If you’ve got a sloped backyard that needs levelling or dreamed of raising up some garden beds, then a timber retaining wall could be a good way to go about it. Retaining walls are a great way for maximising space and separating lawns from garden areas, which helps to keep things tidy and easy to maintain.
Although building a retaining wall sounds like a big job, timber options are relatively light weight, cost effective, and are an achievable DIY project.
With retaining walls, it’s important to keep in mind that once they reach a height of 600mm or more, or encroach within 900mm of a boundary, then council approval may be needed. Even if this isn’t the case, it may be a good idea to check in with your local council anyway, as each local government area tends to have its own rules and regulations.
If you have designated easements on your block, then there may also be some restrictions on the building work that can be undertaken within them.
Timber retaining wall boards come in different lengths and thicknesses. The thicker the boards, the more weight your wall will theoretically be able to retain behind it. With that in mind, the longer and thicker the boards are, the heavier they are to lift into place; they’ll also take longer to cut and may require a larger saw blade to get through them.

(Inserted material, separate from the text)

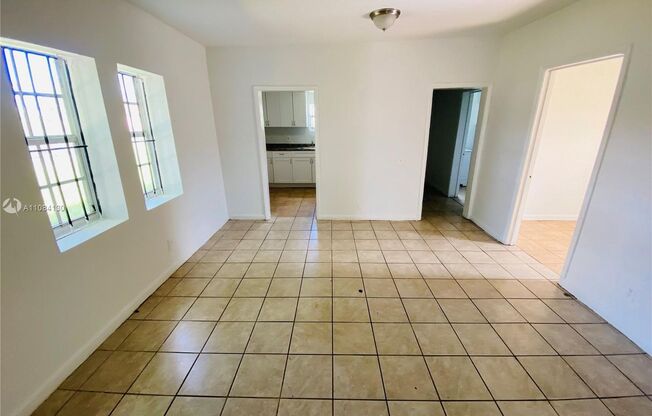 Beautifully renovated 3bed/1bath house close to downtown, Midtown, Wynwood & highways! Must see!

When it comes to building a retaining wall, the art is in the setting out. Clear the area you want to work with and determine the length of the timber retaining boards you’ll use. At a minimum you’ll need end posts, and then joining posts for where the retaining boards butt into each other. This makes it important to get your posts in the right place. Measure things out carefully, using spray mark to highlight where you need to dig you post holes. Concrete your end posts in first, making sure they face the same angle and direction. When the concrete has hardened, run a string line across the front of your end posts.
This will plot the line that all your intermediate posts need to face and will allow you to set out your wall nice and straight. When the intermediate posts have also been concreted, you can begin screwing off the retaining boards. If you are using particularly long retaining boards, you may need to consider putting secondary intermediate posts along the length of your wall, which will stop the boards from bowing in the middle as they begin to bear weight.
A couple of things to keep in mind as you progress. First, when digging your post holes, their depth should be determined by the height of your wall. A general rule of thumb is that the depth of your post hole should be a minimum of 300mm deep and match half the height of your retaining wall. A retraining wall of 1000mm, then, should have post holes 500mm deep. This ensures the footing can bear the load and stops the posts from toppling over when the earth begins to push up against them. Some settling will likely occur regardless, and it can often be a good idea to concrete in your posts slightly out of plumb by leaning them backward by approximately 20mm. Over time, as the
settling occurs, the posts are more likely to end up straight, rather than leaning forwards if this approach is taken. Lastly, if you’re using treated pine for your retaining wall, it’s advisable to invest in a treatment spray so that any freshly exposed ends can be sprayed and sealed. Water is a retaining walls greatest adversary when it comes to longevity and exposed ends that haven’t been treated will absorb water readily and slowly begin to rot.